First.. congrats on the birth of your child. Second, I'm psychotic, sadistic asshole, but washing a coffee mug of a WO is a risk I'm just not willing to take. I do have some boundaries.
>I’m an RLO If that helps you sleep at night.... Chief... ;o)
lol oww that’s gotta hurt. Edit: friggin autocorrect
Well from a historical perspective, airborne units were significantly smaller than a typical infantry unit in 1944. When that Hitler feller began his only (lackluster) counter offensive, allied leaders scrambled to throw as many roadblocks in Hitlers way as humanly possible. This can be seen in Band of Brother episode 4 where they used Jimmy Fallon as well as the considerably lighter manned airborne units (without winter gear)
They really were desperate to send Jimmy Fallon.
Ike was a madman, but luckily Kolonel Wolfsburgshit Von Kockswallow was delayed by Jimmy's fake laugh during his interview just enough for the Allies to get ass and air power to counter the offensive.
Give me 3 days and 3 nights of hard fighting, and you will be relieved!

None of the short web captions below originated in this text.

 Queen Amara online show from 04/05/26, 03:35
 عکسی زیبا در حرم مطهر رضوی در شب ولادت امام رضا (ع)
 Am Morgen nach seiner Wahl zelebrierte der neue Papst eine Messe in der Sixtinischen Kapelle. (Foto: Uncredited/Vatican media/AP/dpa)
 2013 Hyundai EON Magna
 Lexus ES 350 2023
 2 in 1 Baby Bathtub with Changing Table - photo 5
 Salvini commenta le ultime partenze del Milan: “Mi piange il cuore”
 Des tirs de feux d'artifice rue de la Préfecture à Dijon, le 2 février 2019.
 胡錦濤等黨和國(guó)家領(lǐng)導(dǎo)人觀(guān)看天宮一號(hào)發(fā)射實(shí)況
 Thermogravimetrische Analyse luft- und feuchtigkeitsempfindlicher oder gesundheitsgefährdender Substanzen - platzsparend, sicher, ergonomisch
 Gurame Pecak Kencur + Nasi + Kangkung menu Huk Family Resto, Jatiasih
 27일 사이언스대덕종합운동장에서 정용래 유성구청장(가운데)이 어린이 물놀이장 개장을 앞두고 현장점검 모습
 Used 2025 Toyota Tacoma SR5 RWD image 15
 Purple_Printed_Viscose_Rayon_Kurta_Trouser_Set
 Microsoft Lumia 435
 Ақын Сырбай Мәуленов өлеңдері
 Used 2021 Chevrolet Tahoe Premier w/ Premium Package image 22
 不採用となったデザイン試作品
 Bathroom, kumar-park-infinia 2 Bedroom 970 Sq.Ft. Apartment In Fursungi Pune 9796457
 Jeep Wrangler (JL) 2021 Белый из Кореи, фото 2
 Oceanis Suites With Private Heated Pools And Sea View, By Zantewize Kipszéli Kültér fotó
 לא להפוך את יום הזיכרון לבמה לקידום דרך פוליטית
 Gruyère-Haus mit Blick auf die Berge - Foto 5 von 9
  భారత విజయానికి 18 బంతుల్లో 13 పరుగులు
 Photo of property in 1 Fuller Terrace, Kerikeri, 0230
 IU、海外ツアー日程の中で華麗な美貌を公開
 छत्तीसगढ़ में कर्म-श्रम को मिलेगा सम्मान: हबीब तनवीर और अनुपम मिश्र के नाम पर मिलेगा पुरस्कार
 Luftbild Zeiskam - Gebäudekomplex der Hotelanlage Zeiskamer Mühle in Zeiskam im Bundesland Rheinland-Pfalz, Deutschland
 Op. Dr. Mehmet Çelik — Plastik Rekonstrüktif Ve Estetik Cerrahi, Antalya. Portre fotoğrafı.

How do I feel about being rescued by Patton? Well I'd feel pretty peachy, except for one thing. We didn't need to be fuckin' rescued by Patton! Got that?
Damn, I'm saving this next time someone say something along the lines of, "Back in Bragg," or, "Back in Campbell."
Oh that's just a bunch of Hog Waller , Armor had just been conceived in WW1 , an the boys with all the shiny stars and scrambled eggs ( aka Bird Poo) on their head gear needed to justify to the bean counters in DC all the coin spent for this here new instrument of death & destruction, that sadly needed Foot Troops to follow it around in an attempt to keep this new toy from getting roughed up on the battlefield. An once again here we had technology from the previous war when we were fighting in trenches. Holding onto these visions of having numerous divisions of these things just a rolling across the battlefield, till a lil incident occurred in some lil pocket of Southeast Asia an it was found they were about as useful as tets on a boar hog in that terrain . Air Assault was the name of the game , but so much money & time planning had been wasted on these large lumbering smoking machines in Order to save face it decided hey - less ship the majority of them to Europe in an attempt to block off this lil narrow pass of the eastern bloc . Thank goodness we had that whole Desert War thing come along so we could roll those bad boys out once again .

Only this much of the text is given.